> [Data segment]
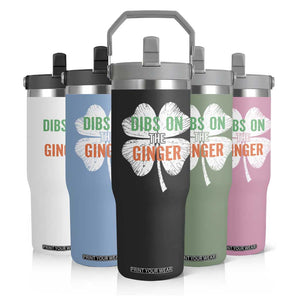 Funny St Patricks Day Dibs On The Ginger Flip Straw Tumbler Irish Redhead Shamrock TS11 Print Your Wear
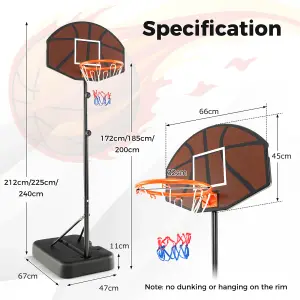 Costway Height Adjustable Basketball Hoop Kids Portable Basketball Goal System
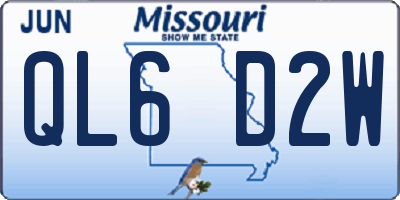 MO license plate QL6D2W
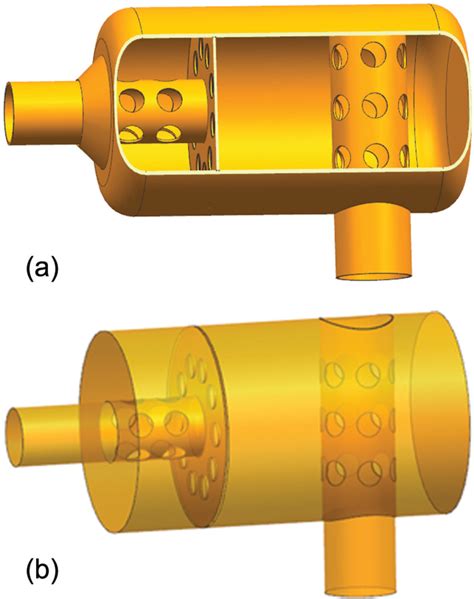 D Schematic Of An Exhaust Muffler A Shell Diagram And B Flow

> [What to work on]
Return all the data exactly, and keep the pictures out.

> [Solution for this task]
 Funny St Patricks Day Dibs On The Ginger Flip Straw Tumbler Irish Redhead Shamrock TS11 Print Your Wear
 Costway Height Adjustable Basketball Hoop Kids Portable Basketball Goal System
 MO license plate QL6D2W
 D Schematic Of An Exhaust Muffler A Shell Diagram And B Flow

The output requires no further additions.